▶ _The data_
********

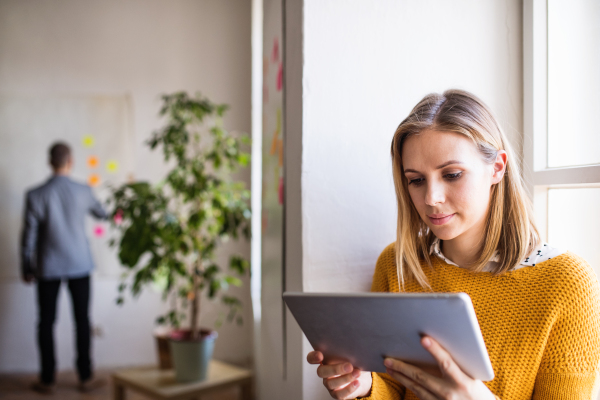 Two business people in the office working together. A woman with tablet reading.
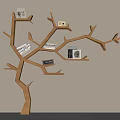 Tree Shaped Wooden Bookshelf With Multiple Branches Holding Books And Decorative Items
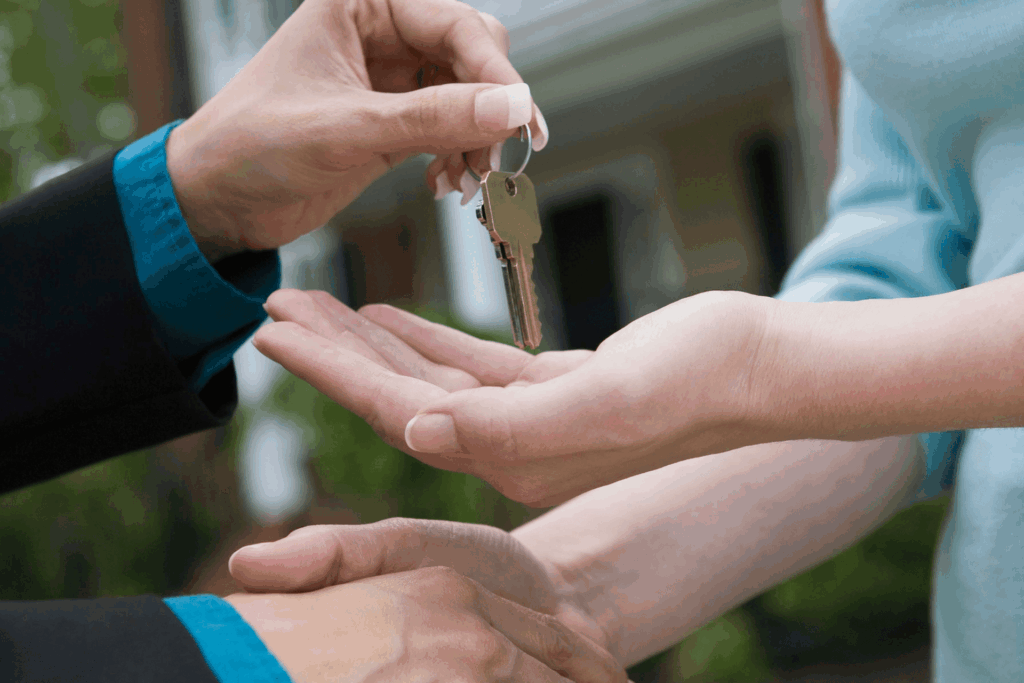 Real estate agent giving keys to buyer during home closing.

********

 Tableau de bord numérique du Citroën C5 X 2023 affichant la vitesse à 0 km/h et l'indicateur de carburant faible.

********

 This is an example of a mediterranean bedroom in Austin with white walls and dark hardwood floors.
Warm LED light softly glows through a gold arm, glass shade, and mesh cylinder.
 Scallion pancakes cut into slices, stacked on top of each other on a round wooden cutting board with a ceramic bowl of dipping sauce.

********

▶ _What the exercise asks_
Please copy, exactly as written, every line in the listing above from the line with "This is an example" up to and including the line with "Warm LED light".

▶ _Result of this exercise_
 This is an example of a mediterranean bedroom in Austin with white walls and dark hardwood floors.
Warm LED light softly glows through a gold arm, glass shade, and mesh cylinder.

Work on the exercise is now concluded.